**Requirement**
Output only the lines below from the one containing "if I'm surfing" to the one containing "Now we can see", exactly as written, both ends kept.

##### Data #####

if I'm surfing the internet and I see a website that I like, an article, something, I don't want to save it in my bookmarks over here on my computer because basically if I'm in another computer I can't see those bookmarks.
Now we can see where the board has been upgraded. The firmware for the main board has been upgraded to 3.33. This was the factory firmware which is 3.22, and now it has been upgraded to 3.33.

#####
##### Data #####

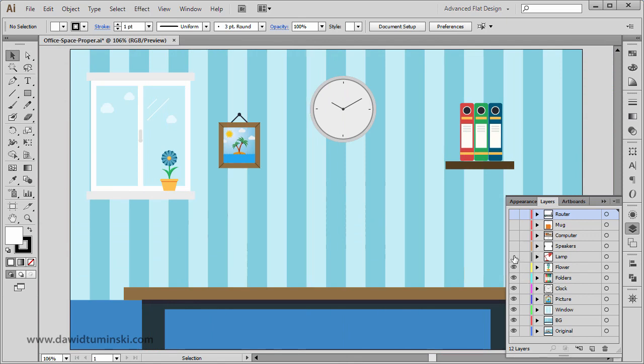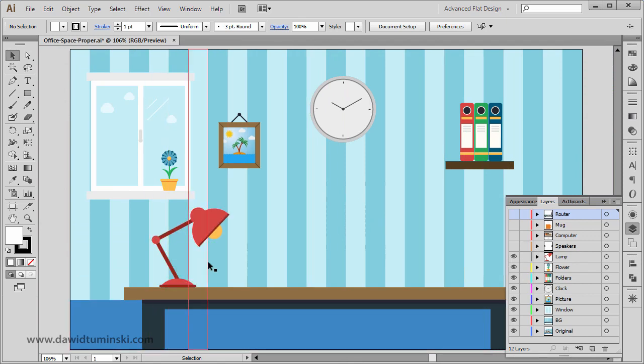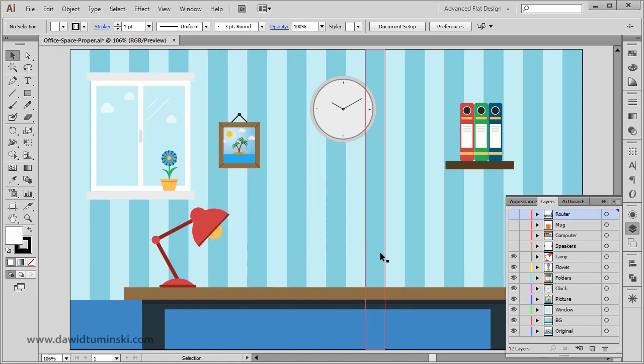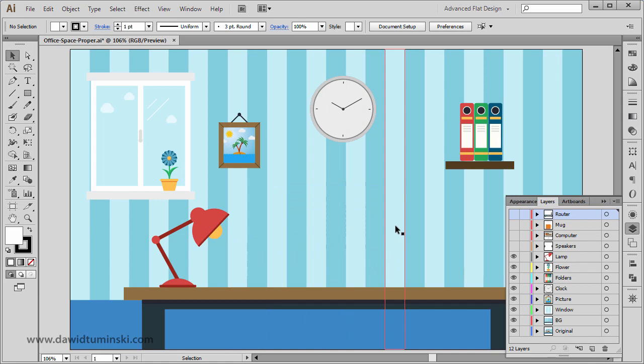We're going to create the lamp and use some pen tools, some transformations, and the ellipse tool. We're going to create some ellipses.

#####

**Final answer**
if I'm surfing the internet and I see a website that I like, an article, something, I don't want to save it in my bookmarks over here on my computer because basically if I'm in another computer I can't see those bookmarks.
Now we can see where the board has been upgraded. The firmware for the main board has been upgraded to 3.33. This was the factory firmware which is 3.22, and now it has been upgraded to 3.33.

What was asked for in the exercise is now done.